For investors in buyout funds, sticking with managers who have a strong track record doesn’t always pay off.
From 2009 to 2018, only 23 percent of buyout funds in North America with a top-quartile performance at the time of fundraising remained in the top quartile in their subsequent funds, according to a recent Preqin report. The results aren’t much different than they were in the years before the global financial crisis. From 1980 to 2008, only 26 percent of the top-quartile performers kept their seats in the same quartile with their follow-on funds, according to the report.
“This leads us to believe that investors need to look beyond past performance, and that the evidence for performance persistence [among top performers] in buyouts is fairly weak,” Sam Monfared, vice president of research at Preqin, wrote in the report.
Poor performances were more likely to carry on to the next funds. Before the GFC, 42 percent of bottom-quartile funds in North America continued to be in the same quartile in their next funds. The percentage rose to 46 percent in the decade after the GFC, according to the report. About 58 percent of the bottom-quartile funds before the GFC and 56 percent after the GFC posted below-median returns in subsequent funds. The takeaway, according to Monfared, is that limited partners should steer clear of general partners who have a poor track record.
Monfared noted that his finding is somewhat contrary to traditional wisdom, which says that performance is largely constant across managers at all levels. This might result from a lack of fundraising data, or because researchers have been defining performance using different metrics, he added. In this study, Monfared measures performance of buyout funds by their internal rate of returns.
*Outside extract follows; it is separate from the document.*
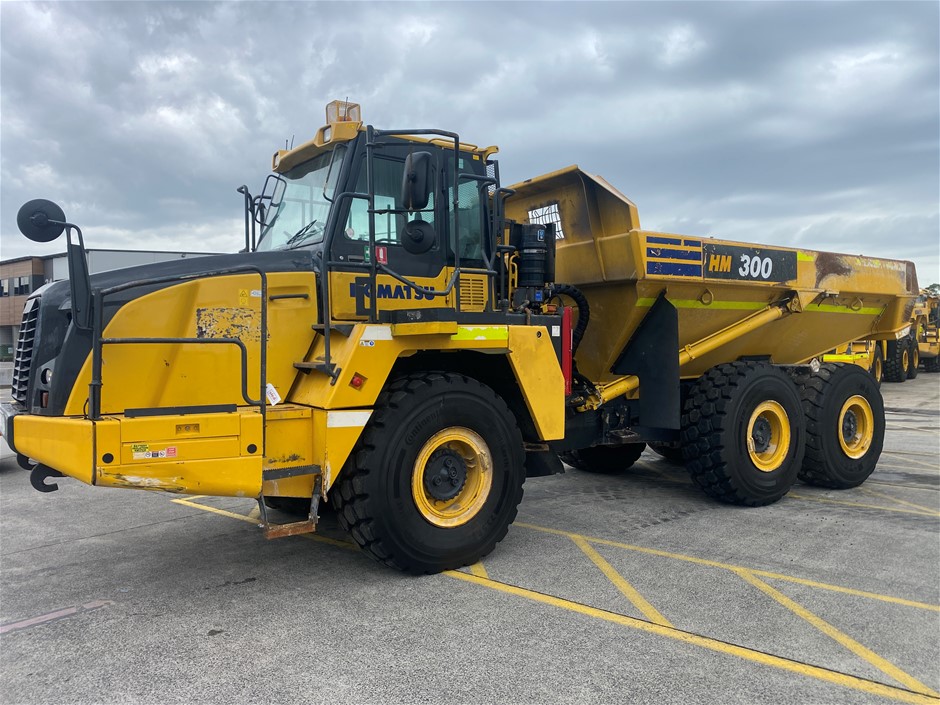 2019 Komatsu HM300-5 Articulated 6 x 6 Dump Trucks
In Europe, the weak link between past performance and future results was present among funds in both the top and bottom quartiles. From 2009 to 2018, 19 percent of top-quartile funds and 21 percent of bottom-quartile funds remained in the same return category in their follow-on funds, according to the report.
The report also found a wide dispersion in performance between the top and bottom buyout funds. Globally, the average IRR from 2009 to 2018 was 37 percent for top-quartile managers and 4 percent for the bottom ones. The average net multiple, which measures returns after subtracting fees and other costs, was 2.52 for top-quartile funds and 0.97 for those at the bottom after the GFC.
“In a sense, when it comes to private equity buyouts, LPs need to focus on the future and less on the past,” Monfared concluded. “Picking the right assets and having access to the best deals ahead of competitors are the factors that buyout LPs need to pay attention to.”